Liga utama Argentina, Primera Division, menduduki peringkat 19 dunia, satu tingkat di atas J1 League Jepang. Itu statistik yang tergolong rendah menurut versi Global Football Rankings 2023.
Sebaliknya tim nasional Albiceleste dikomandoi Lionel Messi merengkuh gelar juara dunia 2022. Maka tidak ada logika bahwa liga domestik yang kurang baik otomatis akan melahirkan timnas yang buruk.
Juara bertahan Primera Division musim ini, River Plate, diperkuat tiga pemain nasional. Bayangkan, hanya satu berseragam Argentina, itupun sekadar kiper cadangan Franco Armani (37 tahun). Dua lainnya, bek tengah: Paulo Díaz (Chile) dan Sebastián Boselli (Uruguay).
Bagaimana Argentina membentuk skuad timnasnya menjadi sekuat raksasa? Yang pasti, mereka bukan mengeluh tentang kualitas rendah kompetisi dalam negeri Tango sendiri. Pelatih kelas dunia di timnas Argentina juga tidak menyindir federasi mereka agar memperbaiki mutu Primera Division.
Klub-klub dari liga kelas rendah asal negara yang memiliki timnas di rangking papan bawah dunia FIFA -- seperti, misalnya, Indonesia -- boleh meniru kiat River Plate. Paling tidak biar kepala burung Garuda Pancasila di kostum bukan dipakai untuk diinjak-injak oleh kemenangan lawan.
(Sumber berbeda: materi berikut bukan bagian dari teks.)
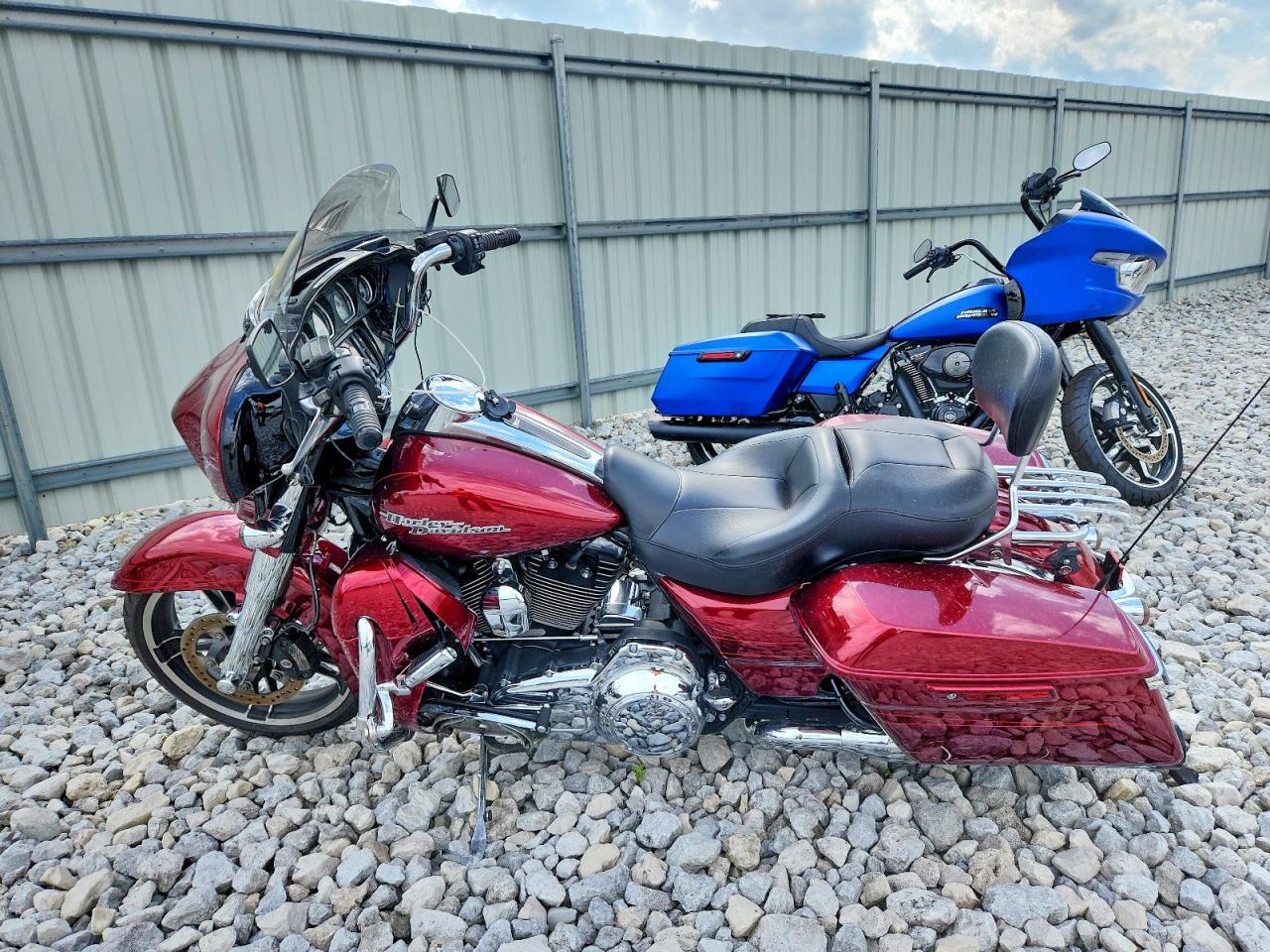 2016 Harley-davidson Fl VIN 1HD1KRM15GB673966 COPART salvage auction — Side, OH - CERT OF TITLE-SALVAGE, sold $4,450 on 2026-09-17 (photo 3)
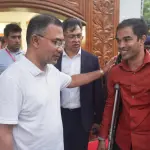চবি ছাত্রদল সম্পাদক নোমানকে প্রধানমন্ত্রীর ফোন, আবাসন সংকটের আশ্বাস - Chief TV
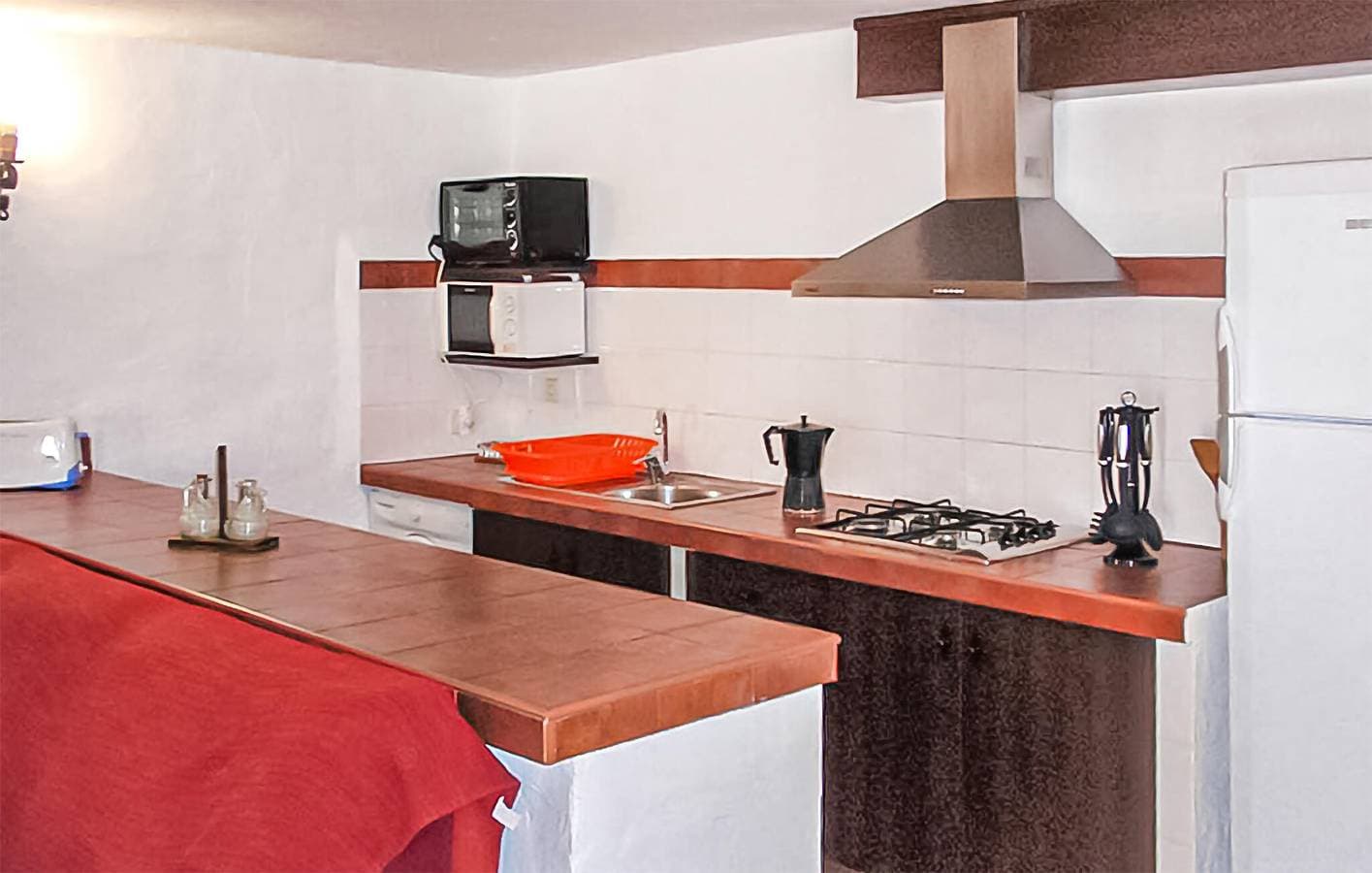 Foto 7 von 30: Reizende 150 m² große Wohnung mit Pool, Terrasse und Zugang zum Fluss – der ideale Rückzugsort!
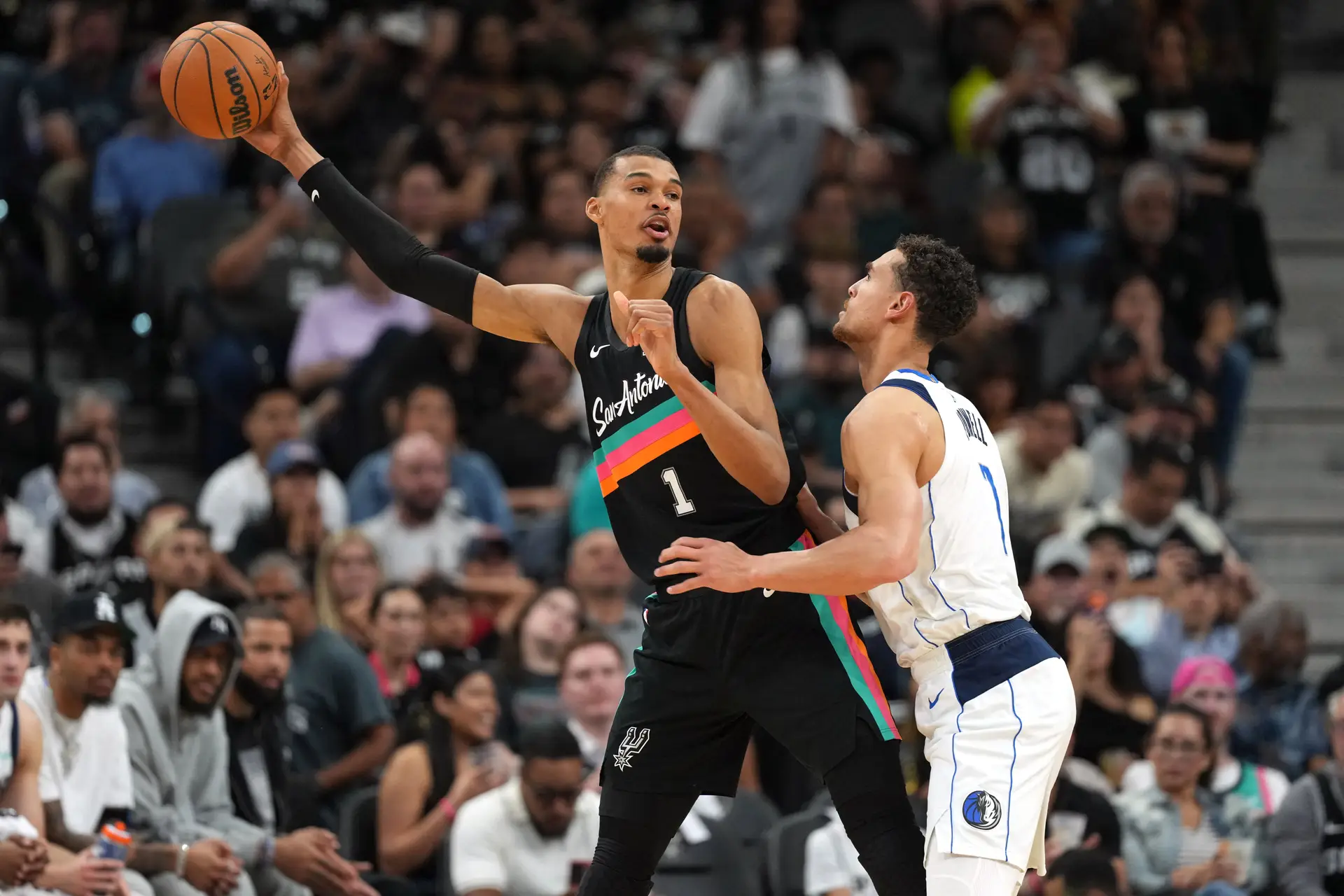 Wembanyama faz história ao tornar-se o mais jovem defesa da fase regular da NBA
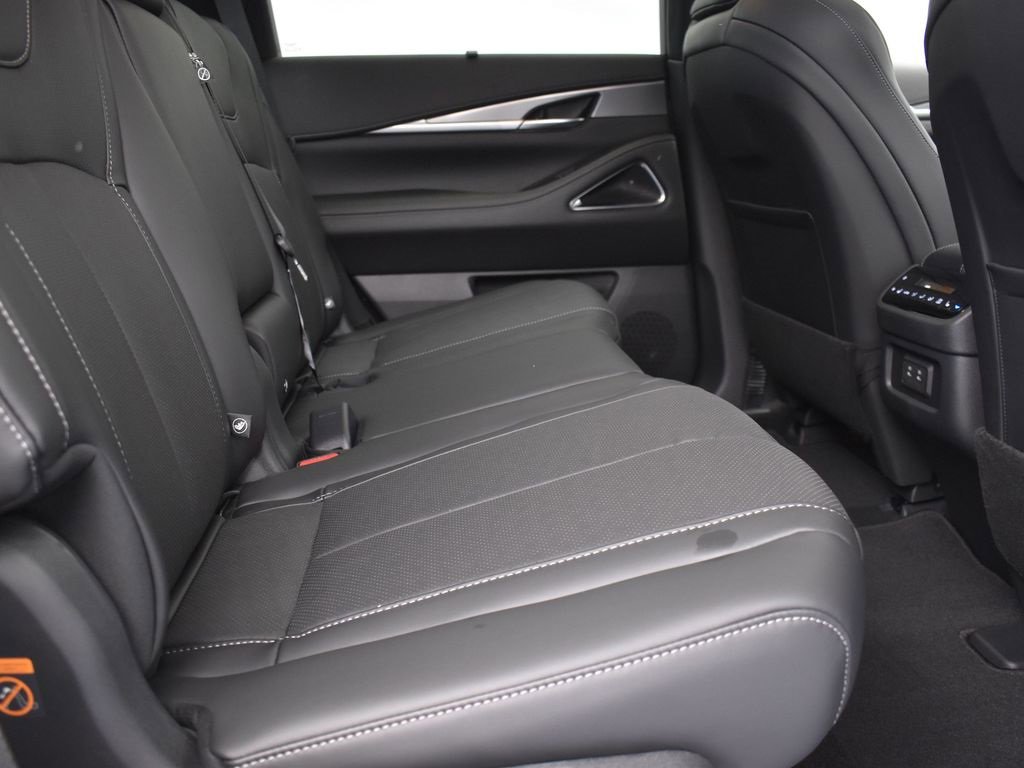 Used 2026 INFINITI QX60 Luxe w/ Cargo Package image 25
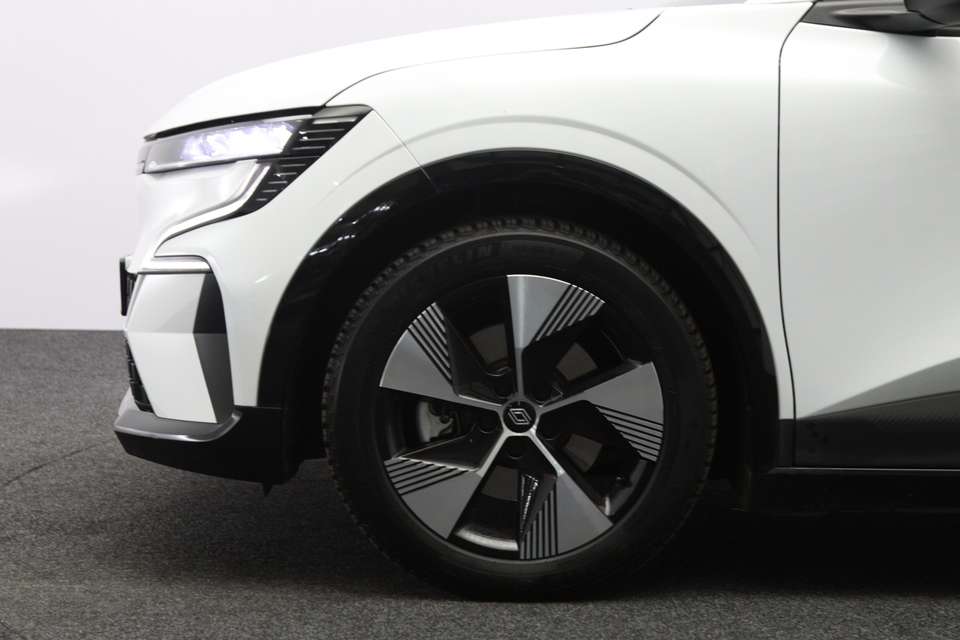 Renault Megane E-Tech - Imagem 17
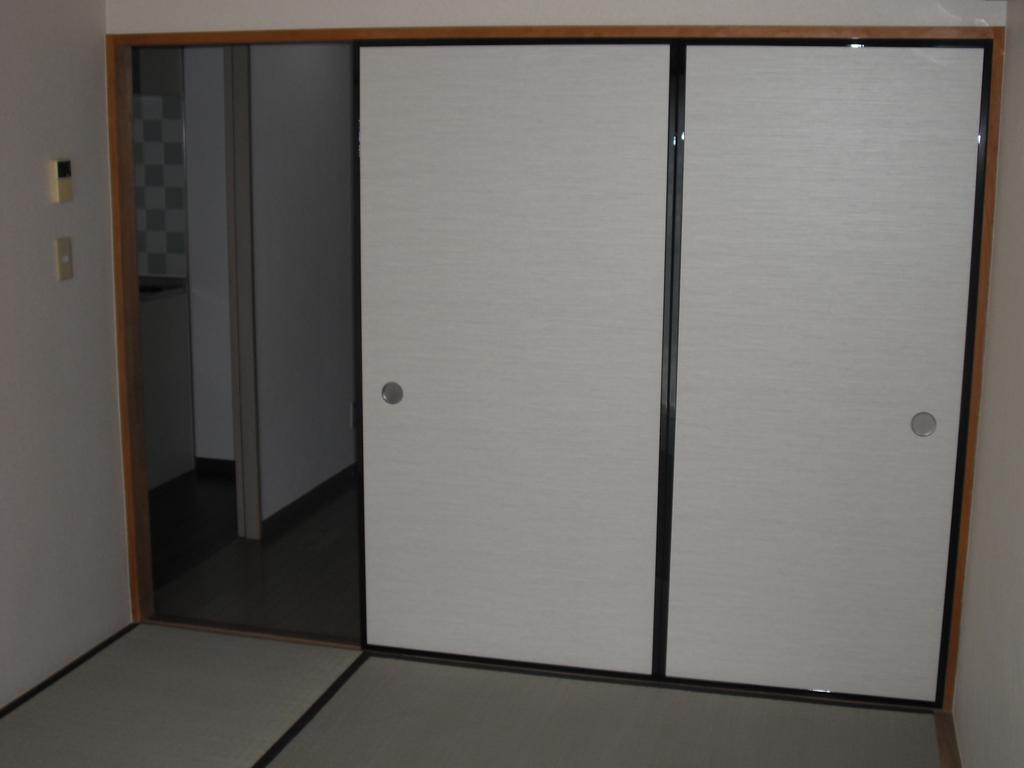 Other room space. Japanese style room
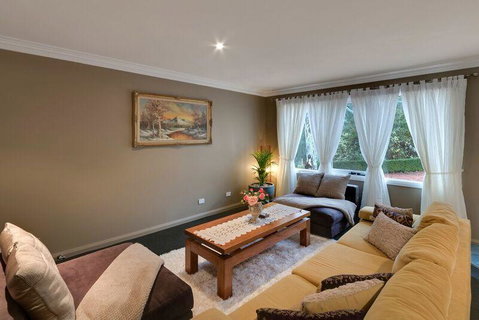 Mountainside B & B - Accommodation Redcliffe 26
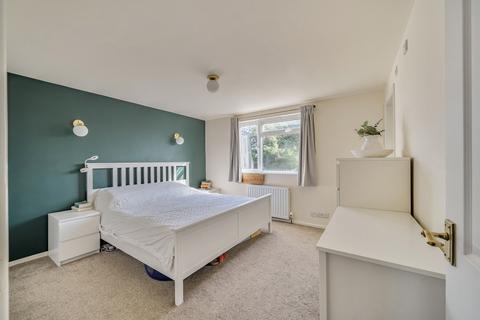 12 Busbys Close, Clanfield, Bampton, OX18 2RD
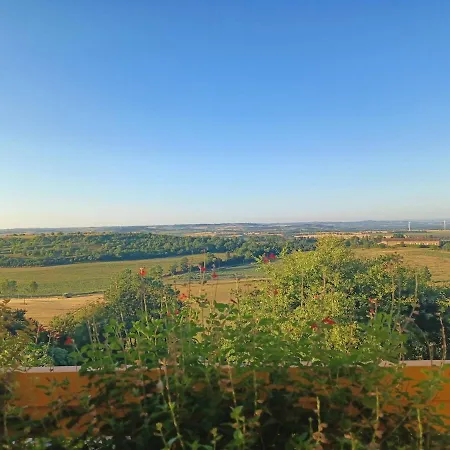 Calme Et Charme à La Campagne - Lauren Garrevaques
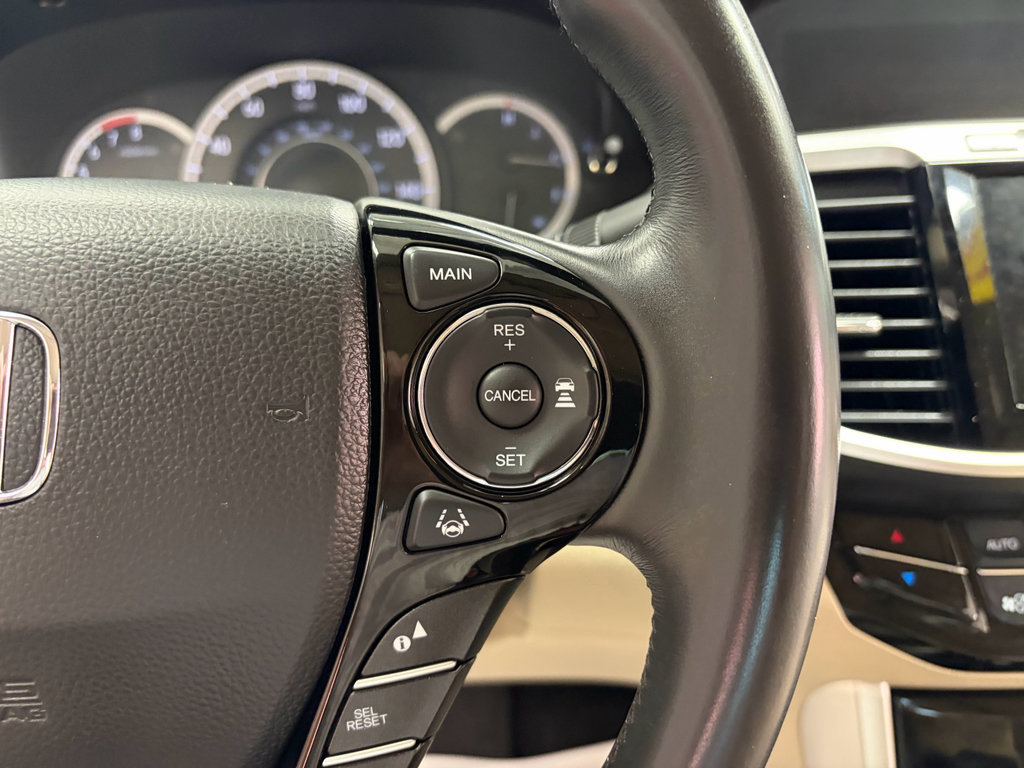 Used 2016 Honda Accord Touring image 15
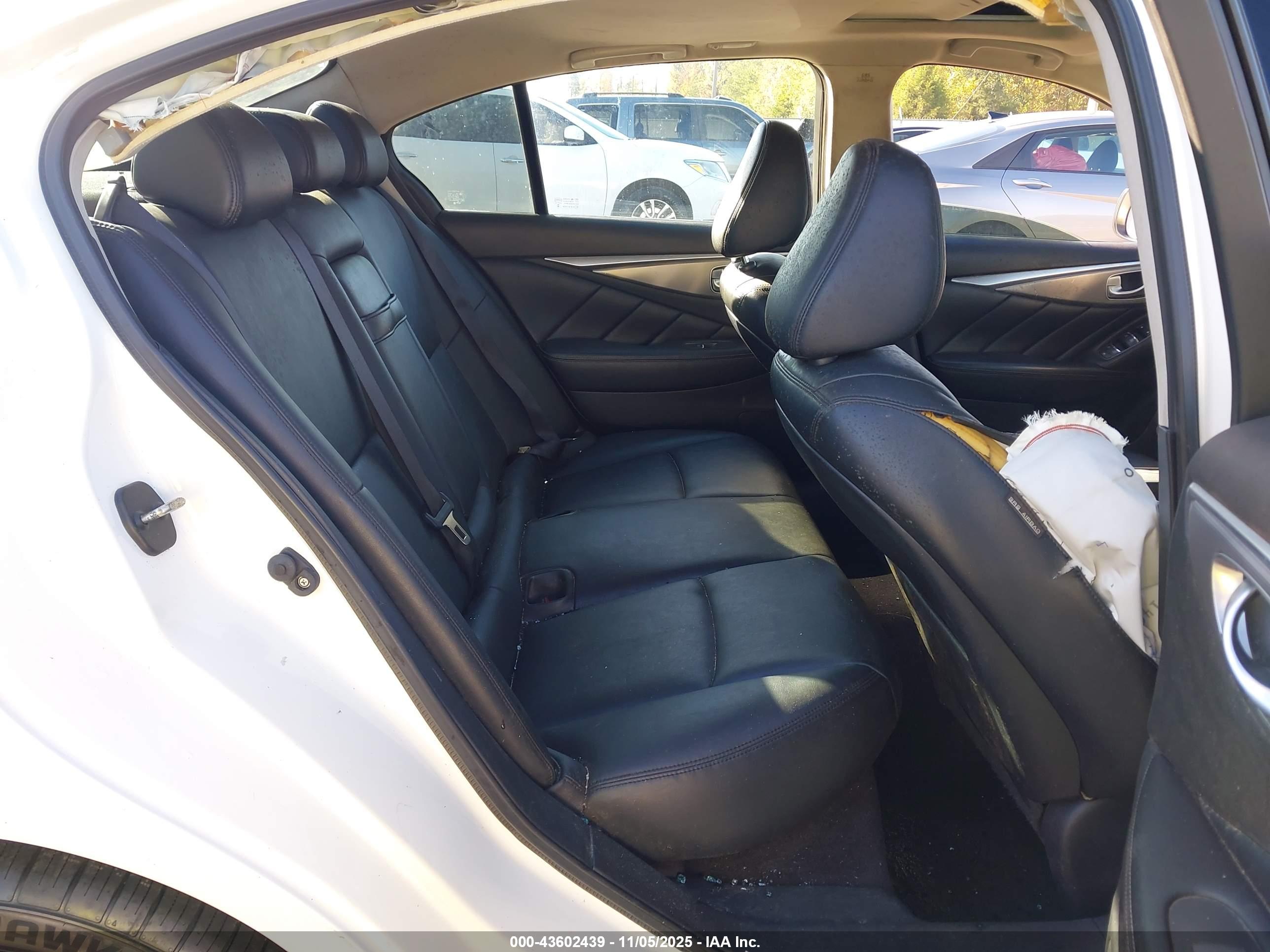INFINITI Q50 image 8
Tim berjuluk Los Millonarios praktis tanpa dibela pemain berlabel internasional Argentina (kecuali penjaga gawang cadangan). Manajer Enzo Francescoli (Uruguay) dan pelatih Martín Demichelis berduet maut menguasai Primera Division. Caranya tidak instan: Mereka mengoleksi banyak pemain level junior. Tercatat, 11 nama andalan timnas Argentina kelompok umur (5 pemain U-23 serta masing-masing 3 dari U-20 dan U-17).
Duet Francescoli-Demichelis tampaknya memproteksi ketat para talenta muda. Semua bakat belia digodok habis untuk terus mengasah level permainan dan tidak bisa pergi seenaknya kecuali telah dianggap pantas berkiprah ke tingkat yang lebih tinggi.
Urusan River Plate dengan Franco Mastantuono bisa jadi contohnya, saat mereka menyadari ketertarikan Real Madrid atas sang pemain. Demi mencegah klub elit Spanyol mengontraknya, dan jika mau Real setidaknya harus mengeluarkan dana segudang, harian 'Ole' mengklaim bahwa River Plate telah menaikkan klausulnya menjadi 45 juta euro (Rp769,5 miliar), harga tertinggi di sepak bola Argentina.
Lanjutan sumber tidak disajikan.